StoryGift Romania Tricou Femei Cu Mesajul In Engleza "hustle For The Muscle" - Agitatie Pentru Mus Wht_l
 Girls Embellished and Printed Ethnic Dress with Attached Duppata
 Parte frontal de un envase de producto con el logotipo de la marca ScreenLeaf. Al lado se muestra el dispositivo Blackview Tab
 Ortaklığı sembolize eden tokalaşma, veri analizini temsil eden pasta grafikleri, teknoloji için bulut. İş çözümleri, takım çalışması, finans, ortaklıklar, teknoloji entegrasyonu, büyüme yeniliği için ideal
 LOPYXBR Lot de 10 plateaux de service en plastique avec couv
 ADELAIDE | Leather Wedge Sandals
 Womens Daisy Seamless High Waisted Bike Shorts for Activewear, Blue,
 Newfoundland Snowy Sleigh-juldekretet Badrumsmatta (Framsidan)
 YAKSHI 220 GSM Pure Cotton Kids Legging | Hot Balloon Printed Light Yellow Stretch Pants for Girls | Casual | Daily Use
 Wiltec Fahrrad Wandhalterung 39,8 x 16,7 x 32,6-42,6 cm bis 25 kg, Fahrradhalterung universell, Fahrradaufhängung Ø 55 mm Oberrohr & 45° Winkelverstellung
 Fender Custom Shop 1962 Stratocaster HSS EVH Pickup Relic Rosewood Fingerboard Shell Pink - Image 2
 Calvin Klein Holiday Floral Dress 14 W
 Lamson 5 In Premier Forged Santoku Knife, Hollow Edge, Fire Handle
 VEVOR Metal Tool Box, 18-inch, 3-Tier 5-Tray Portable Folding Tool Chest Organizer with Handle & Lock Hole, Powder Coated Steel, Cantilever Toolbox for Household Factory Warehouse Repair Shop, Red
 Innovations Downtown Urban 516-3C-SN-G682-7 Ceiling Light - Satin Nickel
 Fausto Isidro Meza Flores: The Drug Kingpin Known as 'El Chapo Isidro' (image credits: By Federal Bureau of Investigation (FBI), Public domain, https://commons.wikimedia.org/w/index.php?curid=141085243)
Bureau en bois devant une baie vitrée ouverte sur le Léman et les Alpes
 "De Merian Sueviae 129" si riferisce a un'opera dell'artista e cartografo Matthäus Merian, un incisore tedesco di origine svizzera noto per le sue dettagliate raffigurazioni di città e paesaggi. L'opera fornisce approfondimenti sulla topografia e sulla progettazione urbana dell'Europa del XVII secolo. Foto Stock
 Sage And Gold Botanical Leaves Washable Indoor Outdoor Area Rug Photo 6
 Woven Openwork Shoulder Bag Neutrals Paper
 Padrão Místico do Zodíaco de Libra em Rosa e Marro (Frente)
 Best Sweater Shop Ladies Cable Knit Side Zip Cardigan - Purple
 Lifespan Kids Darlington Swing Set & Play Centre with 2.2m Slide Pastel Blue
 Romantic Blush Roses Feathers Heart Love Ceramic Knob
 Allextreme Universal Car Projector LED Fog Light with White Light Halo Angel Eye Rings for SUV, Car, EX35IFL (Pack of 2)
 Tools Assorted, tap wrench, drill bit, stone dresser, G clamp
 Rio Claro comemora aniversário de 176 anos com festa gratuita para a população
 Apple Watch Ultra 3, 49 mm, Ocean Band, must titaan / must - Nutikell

□ □ □ □

**PROBLEM REQUIREMENTS**
The response should consist of the entries, retyped exactly and in full.

**SOLUTION TO THIS TASK**
StoryGift Romania Tricou Femei Cu Mesajul In Engleza "hustle For The Muscle" - Agitatie Pentru Mus Wht_l
 Girls Embellished and Printed Ethnic Dress with Attached Duppata
 Parte frontal de un envase de producto con el logotipo de la marca ScreenLeaf. Al lado se muestra el dispositivo Blackview Tab
 Ortaklığı sembolize eden tokalaşma, veri analizini temsil eden pasta grafikleri, teknoloji için bulut. İş çözümleri, takım çalışması, finans, ortaklıklar, teknoloji entegrasyonu, büyüme yeniliği için ideal
 LOPYXBR Lot de 10 plateaux de service en plastique avec couv
 ADELAIDE | Leather Wedge Sandals
 Womens Daisy Seamless High Waisted Bike Shorts for Activewear, Blue,
 Newfoundland Snowy Sleigh-juldekretet Badrumsmatta (Framsidan)
 YAKSHI 220 GSM Pure Cotton Kids Legging | Hot Balloon Printed Light Yellow Stretch Pants for Girls | Casual | Daily Use
 Wiltec Fahrrad Wandhalterung 39,8 x 16,7 x 32,6-42,6 cm bis 25 kg, Fahrradhalterung universell, Fahrradaufhängung Ø 55 mm Oberrohr & 45° Winkelverstellung
 Fender Custom Shop 1962 Stratocaster HSS EVH Pickup Relic Rosewood Fingerboard Shell Pink - Image 2
 Calvin Klein Holiday Floral Dress 14 W
 Lamson 5 In Premier Forged Santoku Knife, Hollow Edge, Fire Handle
 VEVOR Metal Tool Box, 18-inch, 3-Tier 5-Tray Portable Folding Tool Chest Organizer with Handle & Lock Hole, Powder Coated Steel, Cantilever Toolbox for Household Factory Warehouse Repair Shop, Red
 Innovations Downtown Urban 516-3C-SN-G682-7 Ceiling Light - Satin Nickel
 Fausto Isidro Meza Flores: The Drug Kingpin Known as 'El Chapo Isidro' (image credits: By Federal Bureau of Investigation (FBI), Public domain, https://commons.wikimedia.org/w/index.php?curid=141085243)
Bureau en bois devant une baie vitrée ouverte sur le Léman et les Alpes
 "De Merian Sueviae 129" si riferisce a un'opera dell'artista e cartografo Matthäus Merian, un incisore tedesco di origine svizzera noto per le sue dettagliate raffigurazioni di città e paesaggi. L'opera fornisce approfondimenti sulla topografia e sulla progettazione urbana dell'Europa del XVII secolo. Foto Stock
 Sage And Gold Botanical Leaves Washable Indoor Outdoor Area Rug Photo 6
 Woven Openwork Shoulder Bag Neutrals Paper
 Padrão Místico do Zodíaco de Libra em Rosa e Marro (Frente)
 Best Sweater Shop Ladies Cable Knit Side Zip Cardigan - Purple
 Lifespan Kids Darlington Swing Set & Play Centre with 2.2m Slide Pastel Blue
 Romantic Blush Roses Feathers Heart Love Ceramic Knob
 Allextreme Universal Car Projector LED Fog Light with White Light Halo Angel Eye Rings for SUV, Car, EX35IFL (Pack of 2)
 Tools Assorted, tap wrench, drill bit, stone dresser, G clamp
 Rio Claro comemora aniversário de 176 anos com festa gratuita para a população
 Apple Watch Ultra 3, 49 mm, Ocean Band, must titaan / must - Nutikell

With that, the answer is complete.